I’m Doing It is a cathartic release, and you can feel that in its core, regardless of the particular song in question is one of the more sorrowful moments from the album’s opening, or empowering and passionate from its latter moments. It’s E^ST, wrapped up and ready; her heart and soul poured into a collection of tracks that are reflective of the long-winding that it took to get here, both musically - I’m Doing It, in many ways, feels like the product of a bursting Australian pop market reaching a newfound prime - and personally, with the battles E^ST had to overcome (those that writing this album helped her process).
“I think it’s an album where every stage of it is important to recognise, regardless of whether you’ve been there or not,” she says. “I think it’s important to recognise when things are going bad, but then to also have those songs that even if you’re not feeling hurtful, there’s this person who has gone through similar things and has made it out the other side a little bit stronger, smarter and filled with hope.” It’s important to recognise, E^ST says, that there’s often a light at the end of the tunnel, as cliche as it may sound sometimes. “You know it’s not going to last forever.”

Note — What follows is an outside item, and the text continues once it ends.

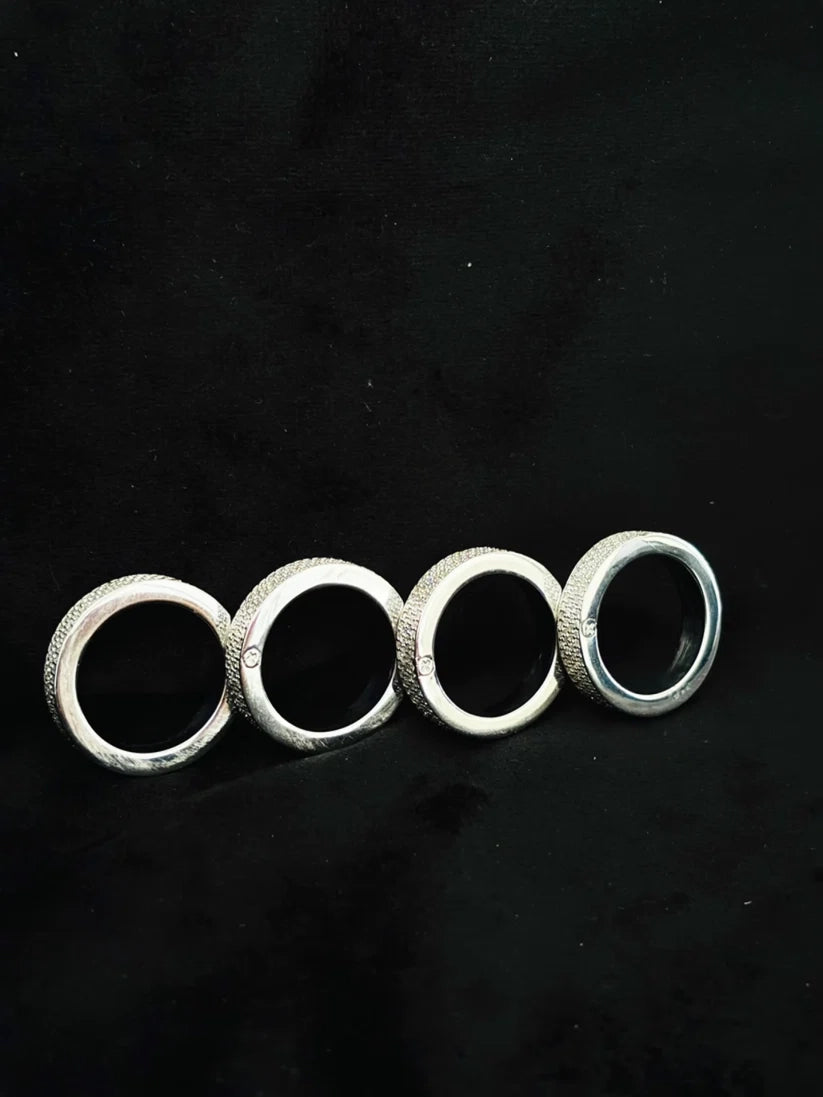 side view Four silver pave diamond wedding band rings on black backdrop.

I’m Doing It is a long time coming for E^ST, summarising a decade-long period of growth and evolution both as a musician and person. In many ways, it feels almost like an end of a chapter, but the beginning of a whole new one at the same time. “I think putting out this record is going to make me feel a lot lighter about myself, and those expectations I have upon myself that have all kind-of lead up to this moment,” she says, asked when how releasing such a monumental and personal project like this may inform her future.
“I have no idea what this album is going to do, where it’s going to go and where it’s going to take me, but I just hope people connect to it.” With an album as potent, brilliant and powerful as I’m Doing It, it’s going to be hard for people to do anything but.
E^ST's debut album I'm Doing It is out Friday, July 31st via Warner Music Australia.